The map restates the United States’ position as a core geographical focal point of the collection. There are seven location pairs that are characterized by over 100,000 events happening between them. Every one of these seven pairs has one location outside of the United States and one inside the country. The brightest lines connect the United States (and Washington in particular), with Russia (twice), Iran, Iraq, Israel (twice), and China.

It is important to be aware of the scale at which this map should be interpreted. Many of the hotspots on the map are capital cities such as Washington or Moscow, but many locations also appear to be in relatively unpopulated places, such as the American Midwest or the middle of the Australian Great Victoria Desert. This occurs because many actors in the dataset are simply geocoded to a country rather than to a particular city or town. In those cases, the dataset locates them at the geometric centroid of countries. As such, this map is most useful to illustrate broad patterns of connections between regions and countries, rather than micro-connections between specific cities.

Russia, Iran, Iraq, Israel, and China are the countries most connected in general to the United States, along with Afghanistan, each one accounting for more than 500,000 events connecting a location in the United States to a location in one of those countries. The ‘special relationship’ between United Kingdom and United States accounts for over 450,000 events connecting two places on either side of the Atlantic.

The United States aside, the single most active connection between two cities is between Seoul and Pyongyang, with more than 98,000 events recorded in the database. At the country level, North and South Korea are connected by almost 250,000 events. The two most connected countries (excluding the United States) are Afghanistan and Pakistan, accounting for over 425,000 events, almost double the number of events connecting Pakistan and India (about 238,000 events).

The most active relationship in the Middle East and North Africa region involves Egypt and Israel, counting over 385,000 events connecting places in the two countries, followed by the relations between Israel and the West Bank (335,000 events), and between Israel and Lebanon (over 330,000 events). There are about the same number of events connecting Iran and Iraq as the number of events connecting the United States and Canada (about 315,000 events), and almost as many events connecting China and Japan as events connecting the United States and Mexico (about 270,000 events).
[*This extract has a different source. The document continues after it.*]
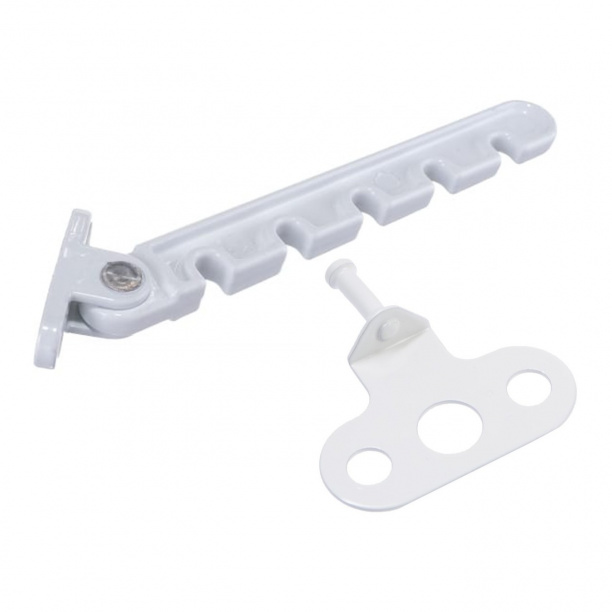 Ограничитель оконный 5 позиций металлический белый от магазина ЛесКонПром.ру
Aggregating data by country, we see that most of the events involving two distinct locations are international events, as only about 5 million events refer to two locations in the same country, whereas about 38 million events refer to locations in two different countries. The second graphic focuses on international events only.

Beyond the connections mentioned above, the second graphic highlights several inter-continental connections. Russia and the United Kingdom are among the most visible European countries, followed by Germany and France. Each one of these four European countries has strong connections with Asia, especially with China, Afghanistan, and Pakistan. A tight cluster is also visible in Asia, centered in China, and involving Hong Kong, Taiwan, South Korea, and North Korea.
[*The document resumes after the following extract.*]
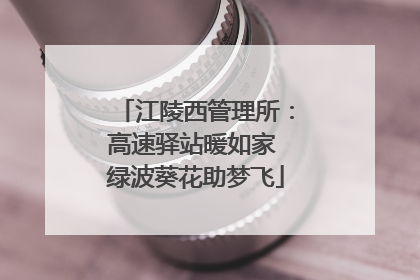 江陵西管理所：高速驿站暖如家 绿波葵花助梦飞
Russia, the United Kingdom, Germany and France also have very visible connections with countries in the Middle East, in particular with Syria, Israel, Iran, and Iraq. The bright orange lines originating from Turkey also point to that country’s connections with a handful of Middle Eastern countries.
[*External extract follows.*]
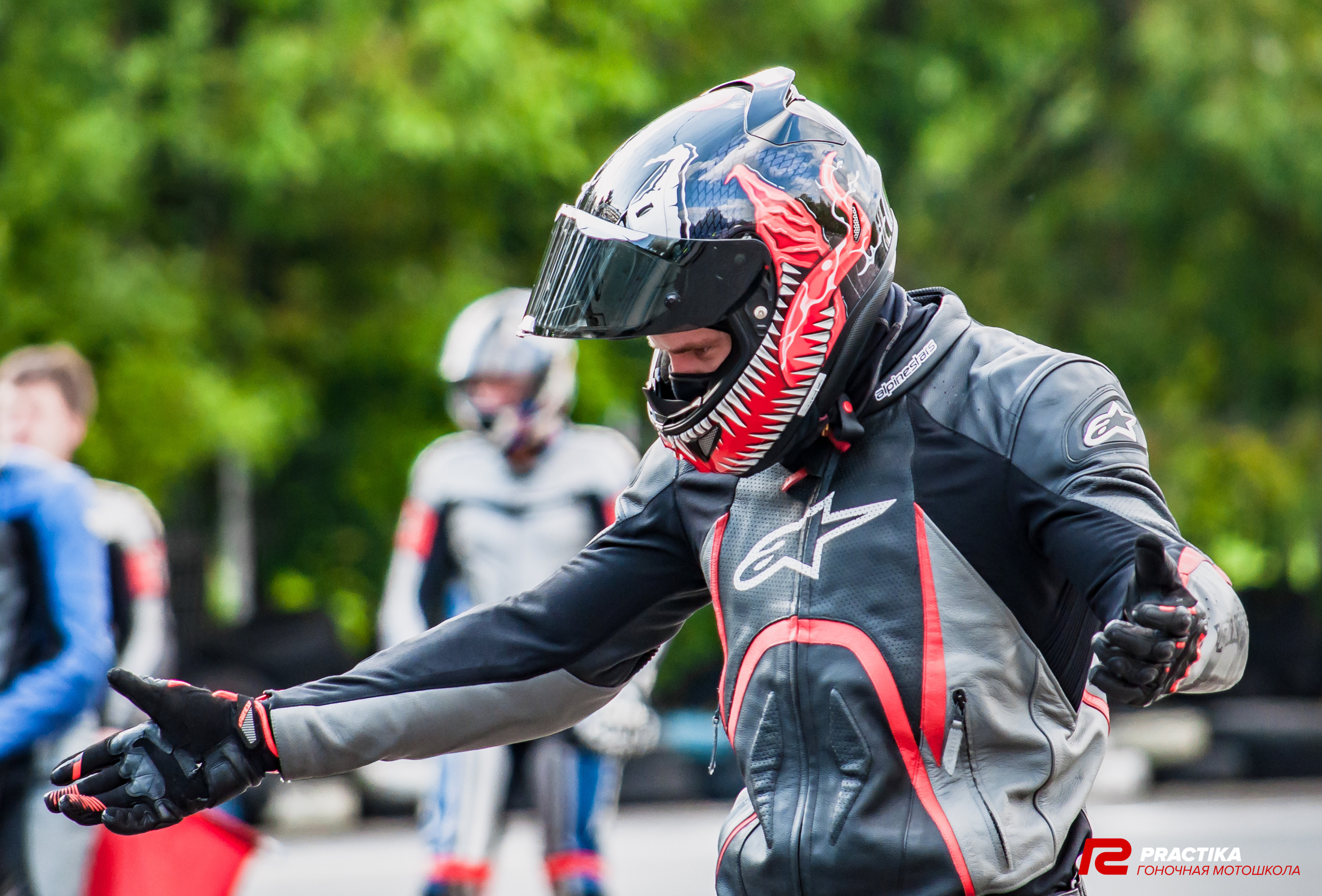 Соревнования гоночной мотошколы PRACTIKA. Мотофотограф в Санкт-Петербурге Мария Скурская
Sub-Saharan Africa is visibly the most disconnected of the seven regions. There are a few lines connecting Sub-Saharan African countries to the United States and the United Kingdom, and a few that link Sudan with its neighbour Egypt. Otherwise, we see very few connections. A similar pattern is evident in Latin America and the Caribbean, although the connections to the United States are stronger, especially those involving Mexico and Cuba.

The media inevitably present us with particular biases and objects of attention. This work is designed to show you both the locations and connections present in hundreds of millions of news stories from around the world.